There are also real economy demand signals that matter disproportionately for flatbed. Global steel output trends are mixed overall, but the World Steel Association estimates the United States produced 7.1 million tonnes of crude steel in January 2026, up 3.3% year over year. On a weekly basis, reporting on American Iron and Steel Institute figures shows US raw steel production year to date through 28 February 2026 running 5.0% above the same period last year. This matters because even modest improvements in heavy industry tend to amplify flatbed’s sensitivity to capacity. Steel, metals, machinery, and project freight do not flex into vans easily.

Dry van and reefer are strong year over year, but with more noise

Across modes, the spot market remains heavily shaped by winter disruption patterns and the after-effects of those disruptions. In the week ending 7 February, FTR and Truckstop data showed dry van and refrigerated spot rates easing from a prior weather-induced surge, but still very strong versus the same week in 2025. Dry van spot rates were nearly 19% higher year over year, and refrigerated rates about 25% higher year over year despite a week over week decline.

Reefer in particular can look contradictory week to week because winter conditions can temporarily shift demand across equipment types. In its February 2026 market update, C.H. Robinson notes that prolonged, widespread cold weather can force freight that would typically move in dry vans, for example beverages, into temperature-controlled equipment to prevent freezing. This layers incremental demand onto an already constrained refrigerated fleet and increases volatility. This helps explain why you can see softer weekly reefer pricing alongside an overall narrative of tightening capacity. The market is not moving as a single national curve; it is rotating by region, weather, and which shippers can flex mode and timing.

Routing guides and tender friction are the operational tell

The most important practical question for shippers is not whether the market is up or down, but whether planned capacity is still behaving like planned capacity. The LMI report highlights that transportation capacity tightening is especially driven by larger firms, with large respondents (1,000+ employees) reporting a 32.6 reading, its fastest rate of contraction in five years. When large networks feel tightness first, it often shows up as more exceptions: deeper waterfalls, higher rejection sensitivity on underpriced lanes, and more exposure to spot coverage.

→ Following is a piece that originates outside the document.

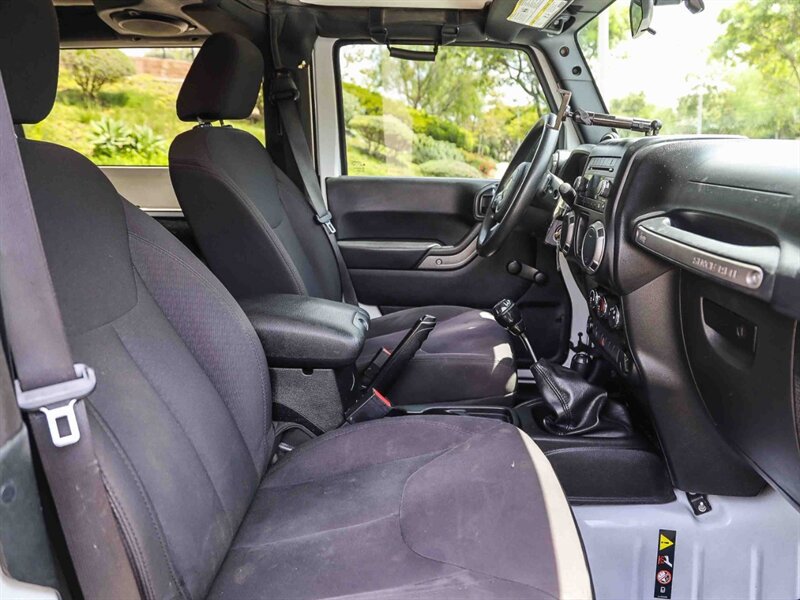 Used 2014 Jeep Wrangler Sport AWD/4WD image 15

Supporting that, C.H. Robinson’s contract environment metrics show route guide depth across all North America shipments at 1.35 in January 2026, higher than the prior month, with long hauls (600+ miles) at 1.54, worse than both December 2025 (1.50) and January 2025 (1.37).

Conceptually, this aligns with DAT’s guidance on tender behavior: rising rejections tend to precede rate pressure, and weak routing guides are often an early sign that a market shift is about to become a service problem, not just a budget line item.

What to watch as the market turns into March

The next few weeks should clarify whether late February firmness is largely seasonal or weather related, or a more durable tightening phase. ACT Research frames early 2026 as an inflection point, arguing that spot strength and accelerating capacity contraction are reshaping market balance faster than many expected, with limited fleet expansion and operating authority declines reducing excess supply. From a planning standpoint, the most decision useful signals are weekly flatbed load-to-truck ratios and linehaul rate direction, routing guide depth and tender acceptance, and broader transportation capacity and price sentiment.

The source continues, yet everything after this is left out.